Se perante tão arrojado bastonário as ideias que dele transcrevo perturbam as minhas convicções democráticas, nascidas da revolução que alguns capitães da minha geração impuseram, mais intrigado fiquei ao ler a sua crónica de 17/6/2013 (no JN) subordinada ao título: «A mulher de César». Esse seu desassombrado artigo que até hoje não vi contestado, fará mudar os meus patrícios Transmontanos que tinham horror aos tribunais. E até eu fiquei com o pé atrás depois de ler o que li e de que deixo aqui alguns excertos, tais quais, Marinho Pinto os escreveu:
«Luís Noronha Nascimento deixou a presidência do Supremo Tribunal de Justiça e jubilou-se, ou seja, deixa de trabalhar, mas continua com todas as regalias dos juízes no ativo, incluindo as remuneratórias.
O trajeto que o levou a presidente do STJ começou no início dos anos noventa. Primeiro conquistou o sindicato dos juízes, depois o Conselho Superior da Magistratura e, finalmente, o STJ. Noronha Nascimento é daquelas pessoas que não olha a meios para atingir os fins. Os seus princípios estão orientados para os seus fins. Ideologicamente, é um estalinista puro, ou seja um indivíduo que é capaz de fazer alianças com o próprio diabo, se isso for útil ao que pretende. De uma ambição sem limites, instrumentalizou o sindicato dos juízes e o próprio CSM. Muitos acusam-no de, a partir do CSM, ter controlado o acesso ao STJ e, assim, ter formado, com amigos seus, o colégio eleitoral que haveria de o eleger presidente desse tribunal. O caso chegou a ser denunciado, mas sem quaisquer consequências.
Todos se calaram, ou melhor todos comentavam em privado, mas publicamente agiam como se nada estivesse a acontecer, mostrando, assim, o que é, desde há muitos anos, o principal (des)«valor» da nossa República Democrática: a cobardia. A sua ilimitada vaidade levou-o a contratar, mal chegou a presidente do STJ, uma agência de comunicação e a alterar o site do tribunal para aparecer, logo na abertura, em lugar de destaque, a sua fotografia em pose provinciana de estadista. Enquanto todos os outros tribunais mostravam aquilo que se procura no site de um tribunal, o do STJ exibia a figura mefistofélica do seu presidente ladeado de bandeiras. Foi a decisão de mandar destruir as escutas de José Sócrates no processo «Face Oculta» que levantou dúvidas sobre a sua imparcialidade como juiz, já que o suspeito era nem mais nem menos o primeiro-ministro e líder da maioria política que aprovara, contra toda a nossa tradição judicial, algumas medidas tão queridas pelos conselheiros do STJ, nomeadamente a célebre «dupla conforme», ou seja, a impossibilidade de se recorrer para o STJ da decisão do tribunal da relação que confirme a decisão de primeira instância.

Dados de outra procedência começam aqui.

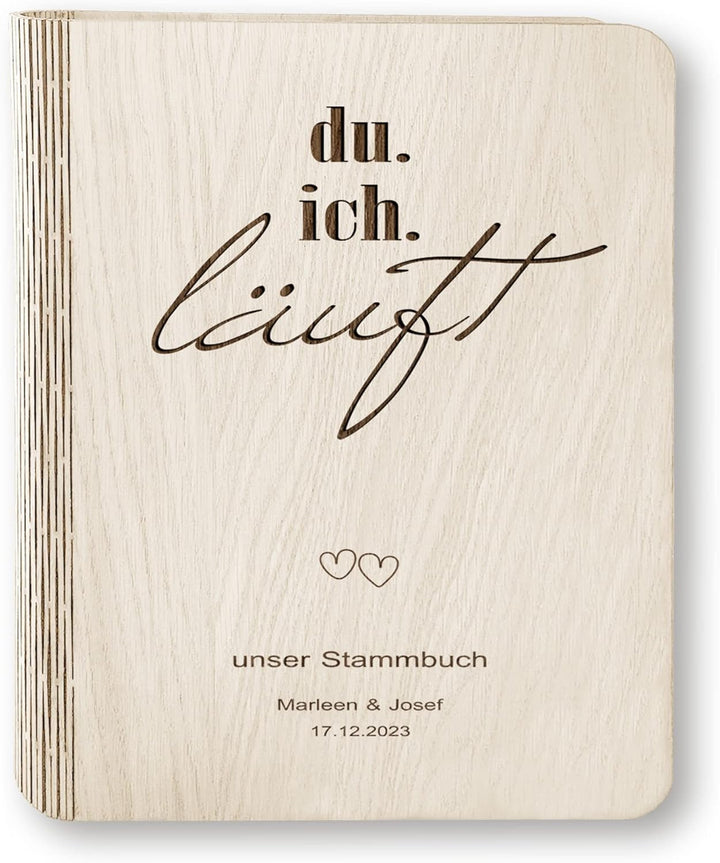 Stammbücher Holz Stammbuch der Familie personalisiert Idula Holzbuch A5 oder A4 Familienstammbuch He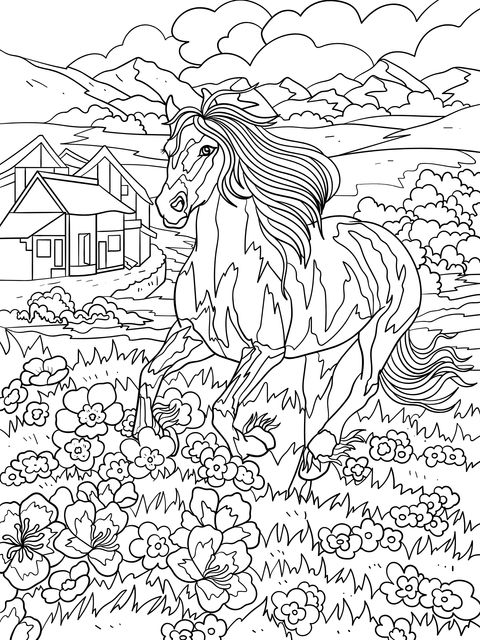 Pastoral Horse Coloring Page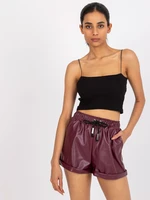 Abigail RUE PARIS burgundy casual shorts made of eco-leather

Por outro lado, o filho de Noronha Nascimento conseguiu, durante o tempo em que o pai foi presidente do STJ, arranjar um emprego num organismo do Estado que dependia directamente de José Sócrates. Pode ser apenas coincidência, pode tudo ter corrido dentro da mais estrita legalidade e normalidade, mas, até por isso, Noronha Nascimento deveria ter-se recusado a apreciar o caso das escutas de José Sócrates e, sobretudo, não deveria andar a fazer insistentes declarações públicas sobre a irrelevância criminal de conversas telefónicas cujo conteúdo as pessoas ignoram. É que a um juiz não basta ser honesto, é preciso parecê-lo».